Cox is the third-largest cable provider in the United States, with over six million customers. The news comes in the wake of Charter’s acquisitions of companies like Time Warner Cable and BrightHouse over the past two years for a combined $67.1 billion.
Charter reportedly rejected a $100 billion merger offer from Verizon earlier this year. The offer amount was cited as the primary reason Charter rebuffed the proposal, but it now seems Charter had sights fixed on a different deal with Cox.
“Tom wants to buy Cox,” says one Post source who is reportedly close to the situation. “If they’re (Cox) going to sell it to anyone, they’re going to sell it to an old cable guy.”
The Post indicates Charter’s Chief Executive Tom Rutledge is closely monitoring Cox, despite the Atlanta-based company having rejected similar inquiries from larger industry competitors.
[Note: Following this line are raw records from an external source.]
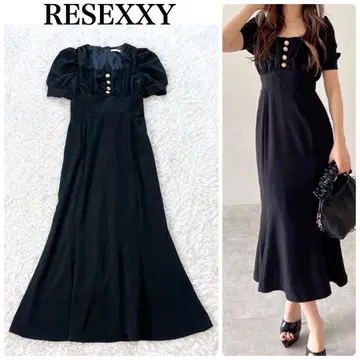 RESEXXY 리젝시 퍼프 슬리브 머메이드 원피스 블랙 롱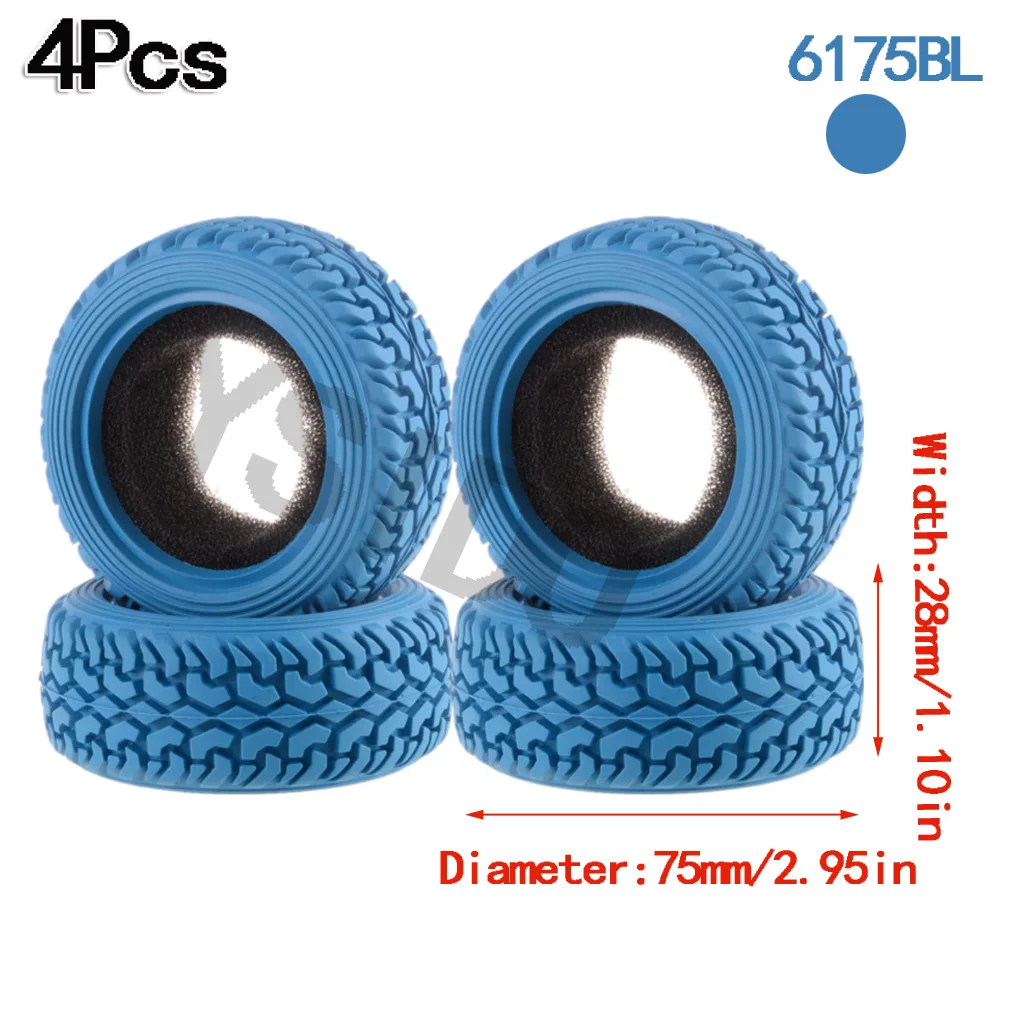 4PCS YSIDO 75mm RC 1/10 Rally Tires for 1/10 RC Car On-Road Racing Rally HSP HPI Redcat Tamiya Kyosho SAKURA Upgrade Accessories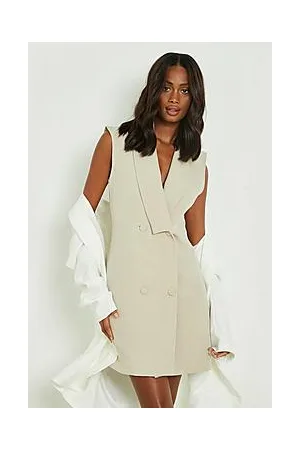 Boohoo Sleeveless Double Breasted Blazer Dress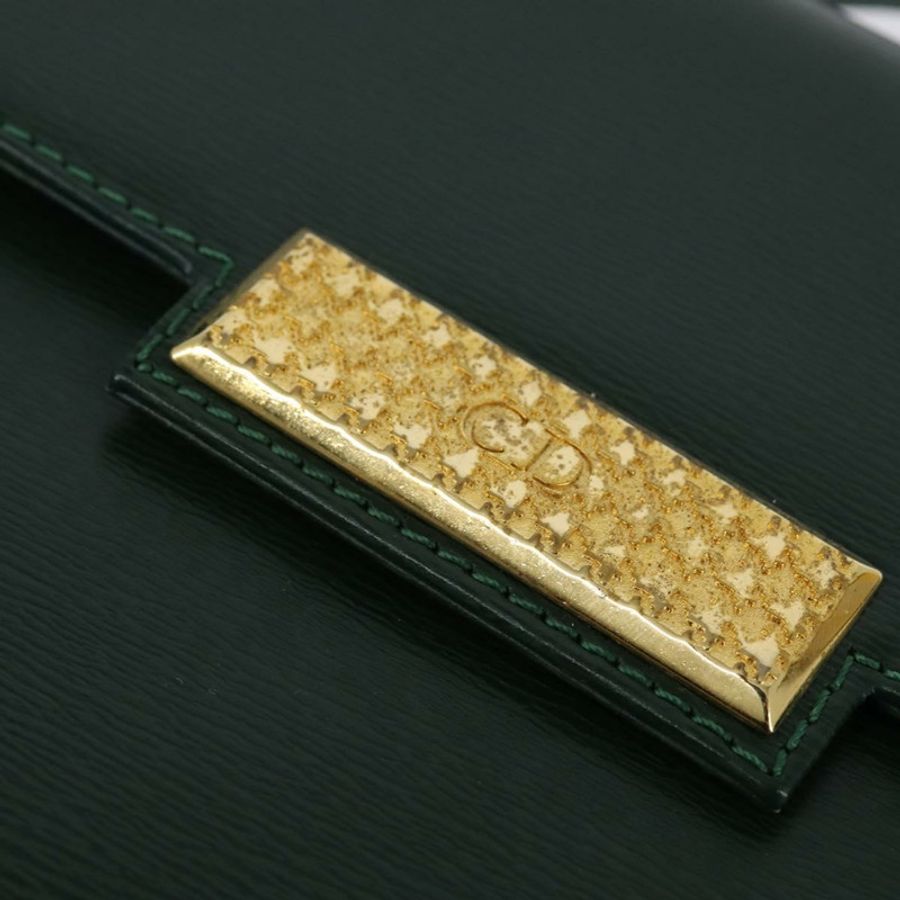 【日本直送】Christian Dior 皮革肩背包 綠色 金色 正品 BA6365-16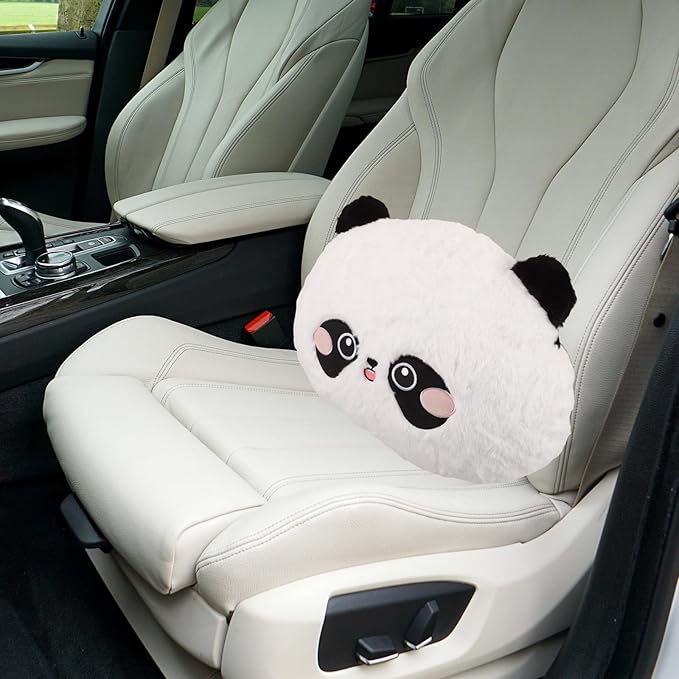 Car Lumbar Support Pillow with Cute Cartoon Panda Design, Round Plush Back Cushion for Driver and Passenger Seat, Soft Rabbit Hair Embroidered Lower Back Rest for Office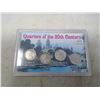 Image 1 : Canadian Quarters of the 20th Century. Set of 4 includes George V, George VI, Elizabeth (silver) and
Cox has publically stated on multiple occasions that the family-owned company isn’t for sale.
Nonetheless, a good number of industry insiders believe the cable company has reason to change its mind.
News of the reported merger comes just two months after Cox Enterprises (parent company of Cox Communications), named Alex Taylor the company’s next CEO. Taylor is the great-grandson of James Cox, the company’s founder who began the company back in 1962.